Collected data
<<<<

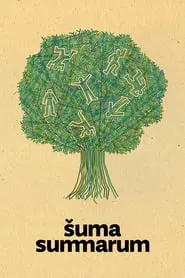 Forest Creatures movie poster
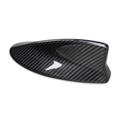 Carbon Fiber Shark Fin Antenna Decoration Car Styling Auto Accessories Special For Lexus ES200 260 300H Car Roof Sticker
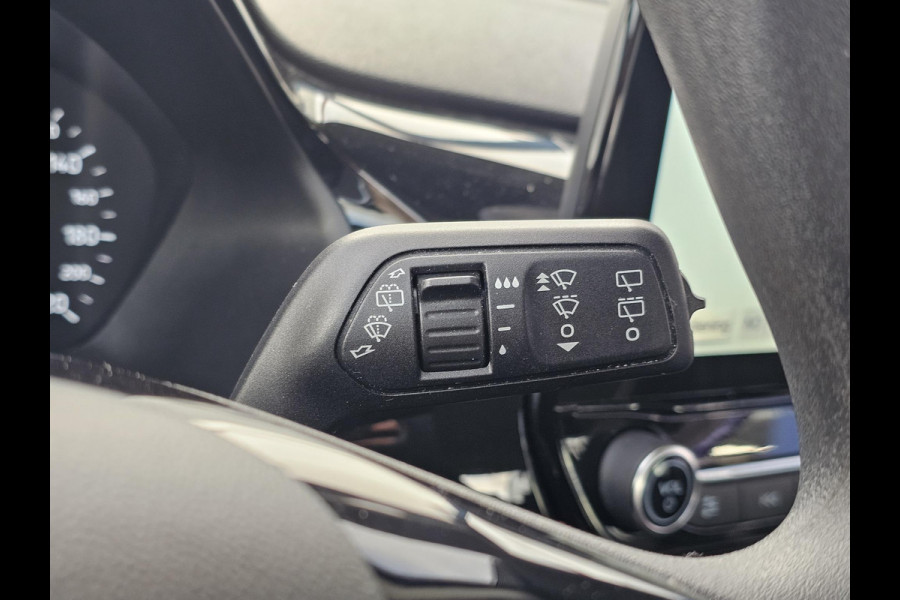 Ford Fiesta 1.1 Trend 86 pk | 1ste eigenaar! | Navigatie | Bluetooth | Cruise control | Lane assist | App connect | Volledige onderhoudshistorie etc.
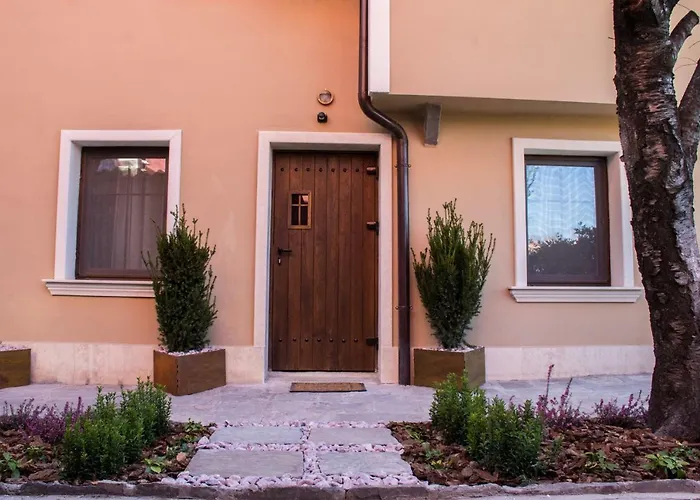 Affittacamere Saborna 25 Plovdiv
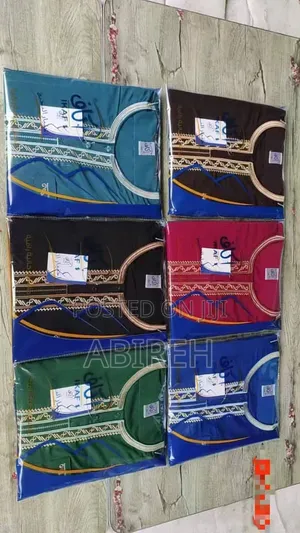 Jalabiya Available in All Colours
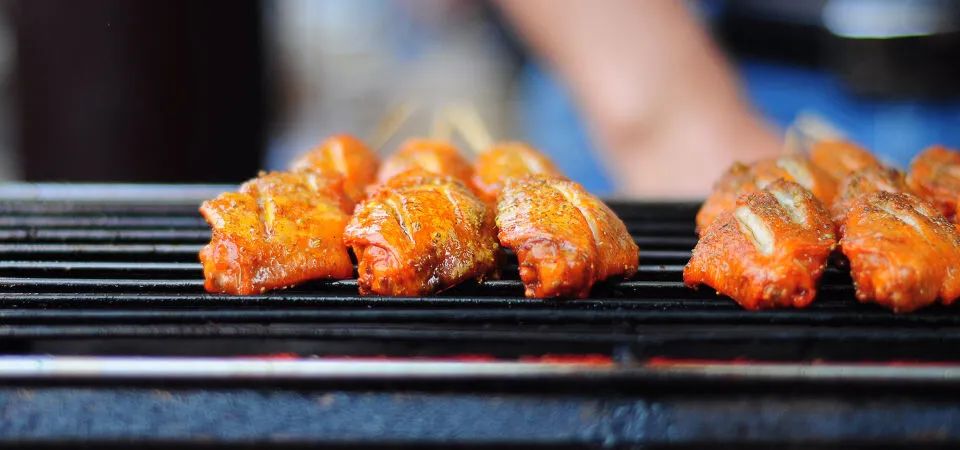 短期创业做什么小吃最赚钱,开店创业最火最赚钱小吃项目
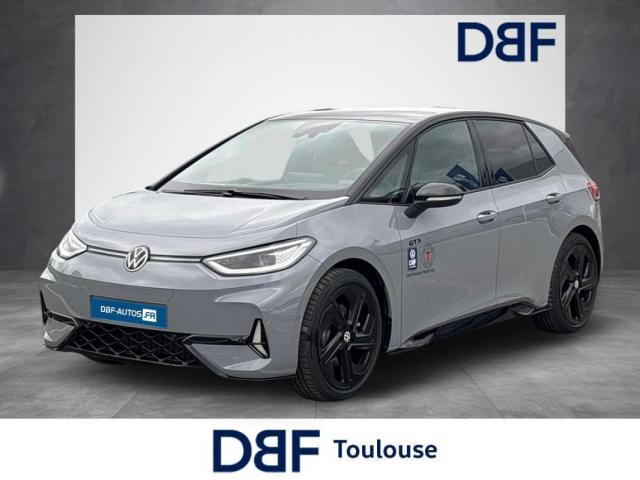 Volkswagen Id.3 Id 3 Fl Gtx Performance (79kwh) (326ch)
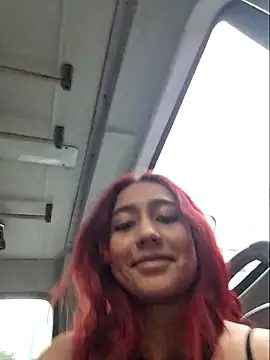 Eveeelyn25 online show from 27, 11, 2025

>>>>

Leave the pictures out, and transcribe exactly the lines above starting at the one that contains "Carbon Fiber Shark" and ending at the one that contains "Ford Fiesta 1.1".

*Solution*
 Carbon Fiber Shark Fin Antenna Decoration Car Styling Auto Accessories Special For Lexus ES200 260 300H Car Roof Sticker
 Ford Fiesta 1.1 Trend 86 pk | 1ste eigenaar! | Navigatie | Bluetooth | Cruise control | Lane assist | App connect | Volledige onderhoudshistorie etc.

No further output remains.